My first day at the Digital Humanities at Oxford Summer School, which has been intense but very productive.

This morning’s introductory lecture by Dr Victoria Van Hyning on crowdsourcing initiatives and the rise of ‘citizen humanities’ really emphasised the combination of the digital tools and interfaces and human processing power for large-scale projects that benefit from the human intervention, such as transcription where the optical character recognition is limited or prone to error in manuscript. We were introduced to the global Zooniverse initiative, and the ways in which arts and humanities collections can become part of this work, which not only improves accessibility, but is also about building legacy tools for further research activity and teaching within and beyond the academy. 

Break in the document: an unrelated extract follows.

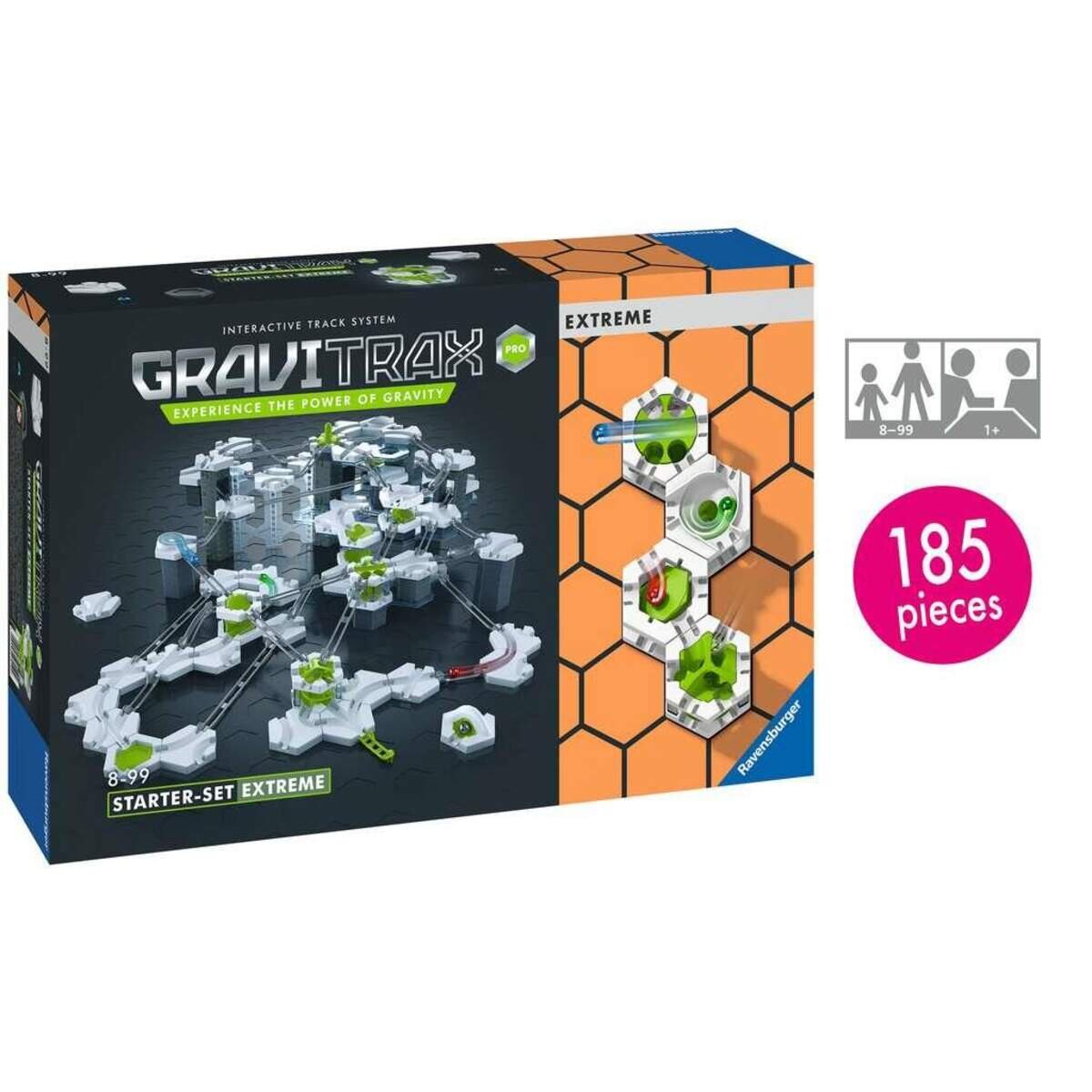 Ravensburger GraviTrax PRO Starter-Set Extreme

I am enrolled on the ‘Hands-On Data Curation’ strand of the Summer School, which is led by the brilliant Elizabeth Wickes and Katrina Fenlon from School of Information Sciences at the University of Illinois at Urbana-Champaign. Although I have had general introductions to data processing before, as this something that we have been teaching on the Arts and Humanities in the Digital Age programme with our Consortium, there has been an advantage to spending longer today considering the workflow implications on dealing with data. At the end of the day produced a short piece of freewriting (7 minutes) to gather our thoughts (there is probably too much content to reiterate in this blog post).

One of the most important issues that struck me was the implications for pedagogy in the digital humanities, particularly around reinforcing the responsibility that comes with data curation. As my role is to support postgraduate research students, I have often noticed that we have become very goal-oriented in our consideration of the PhD (there has to be an impressive output), and for the digital humanities this might also take the form of a dataset or method and tools that others would use.

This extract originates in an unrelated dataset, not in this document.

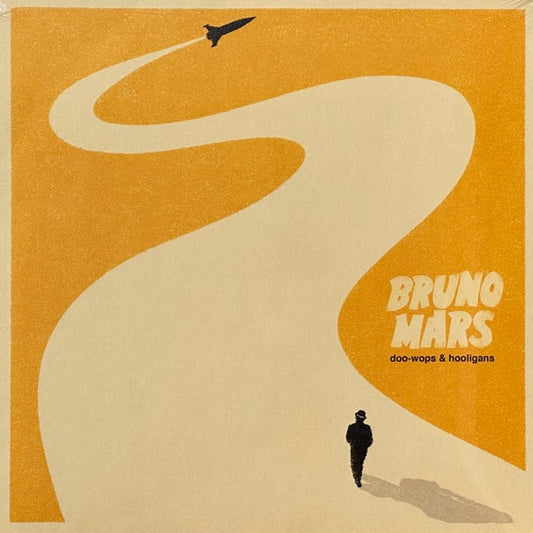 BRUNO MARS Doo-Wops & Hooligans - Vinyl LP - Album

What I have learnt today, is to look more closely at the different representations that we generate through data, and what these representations means for other communities of users.

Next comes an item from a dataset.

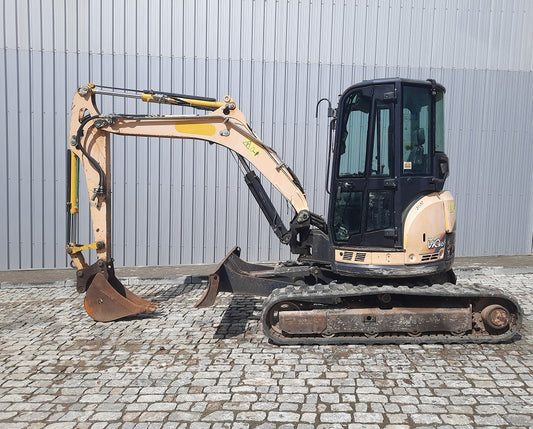 Yanmar Vio50U Mini Excavator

The most challenging activity, which in some ways seemed simple, was to examine an Excel spreadsheet of ‘messy’ data and try to come up with a structure in the form of headers that we could agree on that would capture the data most effectively. The fact that it was so difficult to agree on ways of representing an individual’s name, how to treat dates, when the raw data were so varied and incomplete made us realise just how important it is to develop clear questions and purposes for your data - to better understand it before doing anything with it.

For research students entering the world of digital humanities, there is great value in exploring different ways of structuring data - different models - all with different possibilities and limitations. The key is being able to document these and come to a decision without succumbing to a sort of paralysis, always thinking ‘Is this the right approach to take?’

Exploration, experimentation, documentation and reflection may be vital in helping digital humanists to have a more secure footing in the shifting sands of digital academe, and also in maintaining an openness not just in terms of data, but also attitude - a curiosity that is so vital to take work forward, rather than shutting down possibilities.

It is now time to sign off. We are going to the welcome drinks at the Weston Library, and will be treated to the research posters!